This website provides information on patients with mutations in the NFU1 gene, including clinical data, molecular data, management and research options.

The syndrome caused by mutations in the NFU1 gene is a multisystem disorder characterized by

early-onset encephalopathy with neurological regression, pulmonary hypertension, and hyperglycinemia. However, later-onset cases have also been described mainly characterized by spastic paraplegia and varying degrees of neurodevelopmental delay.

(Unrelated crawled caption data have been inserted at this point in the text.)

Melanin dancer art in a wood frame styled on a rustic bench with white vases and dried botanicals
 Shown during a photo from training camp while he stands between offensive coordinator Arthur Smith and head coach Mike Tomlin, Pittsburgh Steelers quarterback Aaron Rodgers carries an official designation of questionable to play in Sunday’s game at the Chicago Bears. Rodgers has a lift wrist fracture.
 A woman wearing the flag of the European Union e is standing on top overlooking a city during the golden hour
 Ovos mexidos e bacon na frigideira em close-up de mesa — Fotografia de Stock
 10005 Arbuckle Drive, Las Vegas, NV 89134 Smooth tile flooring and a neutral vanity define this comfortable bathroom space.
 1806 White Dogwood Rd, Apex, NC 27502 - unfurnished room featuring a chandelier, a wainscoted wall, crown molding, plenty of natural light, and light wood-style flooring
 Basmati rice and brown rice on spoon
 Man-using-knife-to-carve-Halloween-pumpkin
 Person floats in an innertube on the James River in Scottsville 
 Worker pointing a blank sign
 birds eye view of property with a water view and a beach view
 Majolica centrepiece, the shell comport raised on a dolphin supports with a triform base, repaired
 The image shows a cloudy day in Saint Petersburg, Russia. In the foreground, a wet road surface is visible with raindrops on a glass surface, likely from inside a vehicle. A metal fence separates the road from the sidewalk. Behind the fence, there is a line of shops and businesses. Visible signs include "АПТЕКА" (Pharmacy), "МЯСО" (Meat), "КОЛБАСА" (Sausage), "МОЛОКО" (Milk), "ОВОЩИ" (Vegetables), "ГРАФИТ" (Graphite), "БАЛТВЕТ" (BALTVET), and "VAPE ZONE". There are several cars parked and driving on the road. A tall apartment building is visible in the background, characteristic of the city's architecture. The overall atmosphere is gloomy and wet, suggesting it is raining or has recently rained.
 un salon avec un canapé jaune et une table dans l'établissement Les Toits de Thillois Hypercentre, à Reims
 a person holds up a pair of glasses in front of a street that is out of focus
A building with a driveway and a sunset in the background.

Notably, none of the later-presenting cases  have exhibited pulmonary hypertension.

Not all individuals with a mutation in the NFU1 gene have these features.

This website was created to share and collect information about clinic, management and research projects to gather more knowledge and provide better treatment of patients with mutations in the NFU1 gene.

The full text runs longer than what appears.